++++ EXCERPTED DATA

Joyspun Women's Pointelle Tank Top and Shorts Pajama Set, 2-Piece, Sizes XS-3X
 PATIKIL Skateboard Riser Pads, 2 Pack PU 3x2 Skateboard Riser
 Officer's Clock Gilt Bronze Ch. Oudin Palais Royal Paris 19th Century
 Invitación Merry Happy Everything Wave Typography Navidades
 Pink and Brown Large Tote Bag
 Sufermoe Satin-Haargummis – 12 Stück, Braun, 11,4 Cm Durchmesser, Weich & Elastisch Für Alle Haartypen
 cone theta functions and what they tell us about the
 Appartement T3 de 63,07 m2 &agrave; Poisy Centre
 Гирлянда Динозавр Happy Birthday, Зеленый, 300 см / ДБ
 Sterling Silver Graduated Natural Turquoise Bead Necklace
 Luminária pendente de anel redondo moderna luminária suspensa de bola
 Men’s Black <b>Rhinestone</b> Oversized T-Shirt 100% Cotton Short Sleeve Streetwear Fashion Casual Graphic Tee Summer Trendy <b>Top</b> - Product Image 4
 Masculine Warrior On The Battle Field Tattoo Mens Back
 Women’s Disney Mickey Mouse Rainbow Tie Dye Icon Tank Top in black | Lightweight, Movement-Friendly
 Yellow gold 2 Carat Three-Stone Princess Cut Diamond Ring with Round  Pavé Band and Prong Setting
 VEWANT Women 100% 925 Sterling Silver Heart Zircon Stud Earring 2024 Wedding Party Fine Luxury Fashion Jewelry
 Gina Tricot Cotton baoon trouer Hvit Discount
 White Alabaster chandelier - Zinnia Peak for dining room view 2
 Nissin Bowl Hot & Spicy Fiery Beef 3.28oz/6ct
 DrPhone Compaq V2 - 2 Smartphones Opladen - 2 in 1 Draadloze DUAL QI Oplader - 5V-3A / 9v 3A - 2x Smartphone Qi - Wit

++++++++

EXERCISE PROMPT
From the top of the material above, please transcribe each line exactly. Include the line with "Pink and Brown Large Tote Bag" and end there.

EXERCISE OUTPUT
Joyspun Women's Pointelle Tank Top and Shorts Pajama Set, 2-Piece, Sizes XS-3X
 PATIKIL Skateboard Riser Pads, 2 Pack PU 3x2 Skateboard Riser
 Officer's Clock Gilt Bronze Ch. Oudin Palais Royal Paris 19th Century
 Invitación Merry Happy Everything Wave Typography Navidades
 Pink and Brown Large Tote Bag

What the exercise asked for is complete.